Il pino di Napoli (tav. 1) era un albero, della specie Pinus pinea (pino domestico), che fino agli anni Ottanta adornava gran parte delle cartoline con la veduta panoramica della città di Napoli e del golfo partenopeo, con il Vesuvio a fare da sfondo, un'immagine che lo ha reso tuttora un simbolo ben noto dell'oleografia napoletana. Si trovava in prossimità della chiesa di Sant'Antonio a Posillipo(tav. 2). In base all'analisi delle raffigurazioni precedenti, dovrebbe essere stato piantato dopo il 1855, o comunque divenuto adulto dopo tale data. Nonostante il valore storico, è stato abbattuto nel 1984 perché malato. Ma dopo l'abbattimento dell'esemplare originario, un nuovo pino di Napoli è stato piantato nel 1995 da Legambiente, che ogni anno celebra la ricorrenza dell'evento.
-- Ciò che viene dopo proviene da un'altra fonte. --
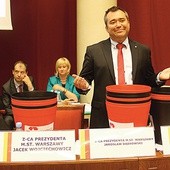 Podczas sesji rady miasta wiceprezydent stolicy Jarosław Dąbrowski podarował radnym kosze do segregacji odpadów. Część rajców oddała mu je z powrotem jako symbol fiaska rewolucji śmieciowej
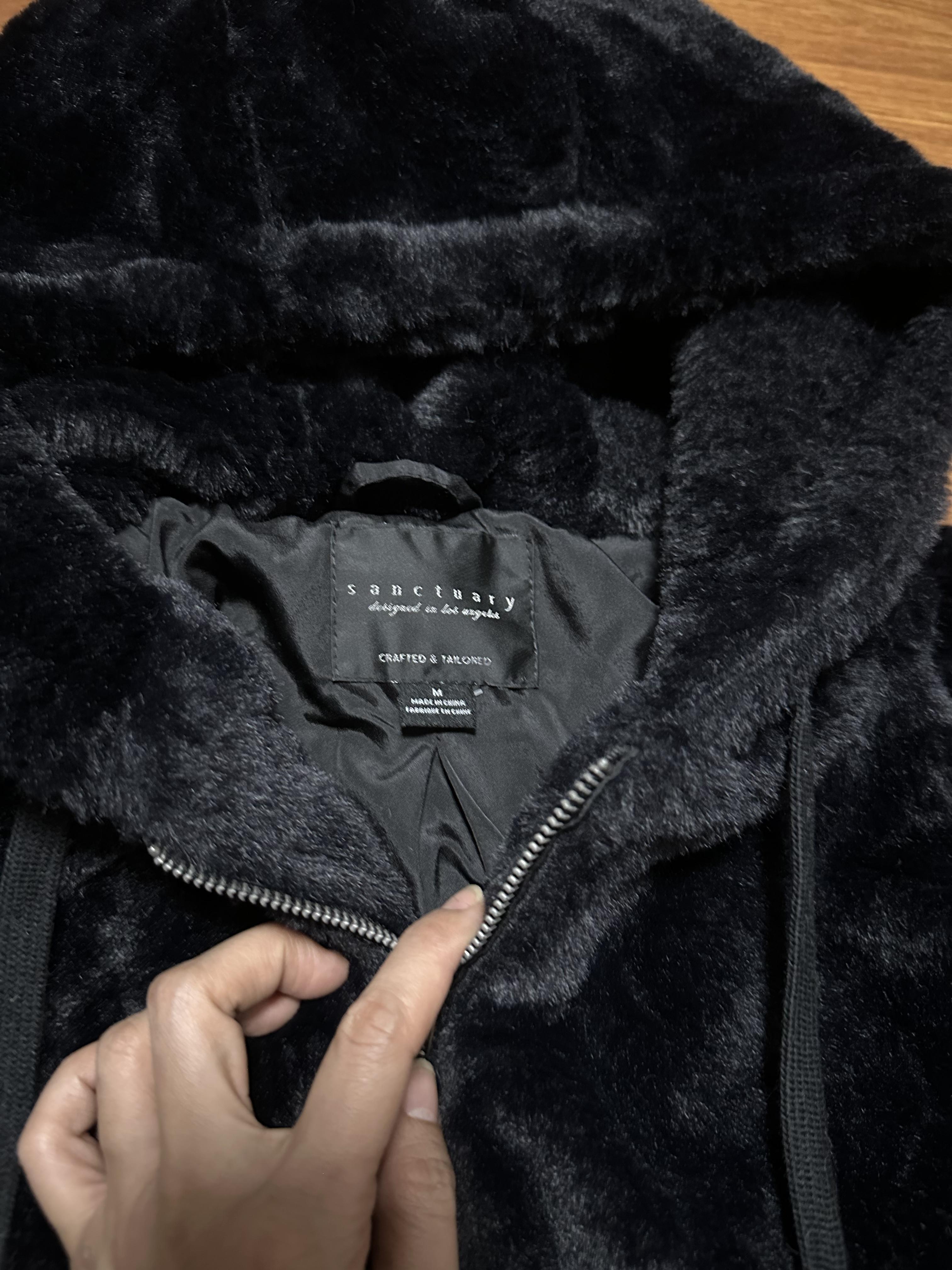 915 เสื้อเฟอร์กันหนาว หมวกฮู้ด เสื้อขน Fluffy hooded jacket แบรนด์ SANCTUARY ขาว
E’ stato per anni l’albero più famoso al mondo, quello più fotografato(tav. 3 - 4) e ritratto nei dipinti di artisti più o meno illustri(fig. 5). E’ il pino di Posillipo l’albero che ha accompagnato i ricordi di viaggio di chi si recava a Napoli e comprava le cartoline da spedire con i saluti. Dalla metà dell’Ottocento, l’albero ha ascoltato i sospiri degli innamorati e ispirato canzoni e poesie. La Scuola di Posillipo, coi suoi pittori, costituisce oggi un prezioso documento circa lo “stato dei luoghi”del Napoletano negli anni di metà Ottocento. Comprese le condizioni paesaggistiche di Posillipo. Secondo l’autorevole National Geographic, il pino di Posillipo che si affacciava sul golfo di Napoli, per anni è stato l’albero più famoso d’Italia.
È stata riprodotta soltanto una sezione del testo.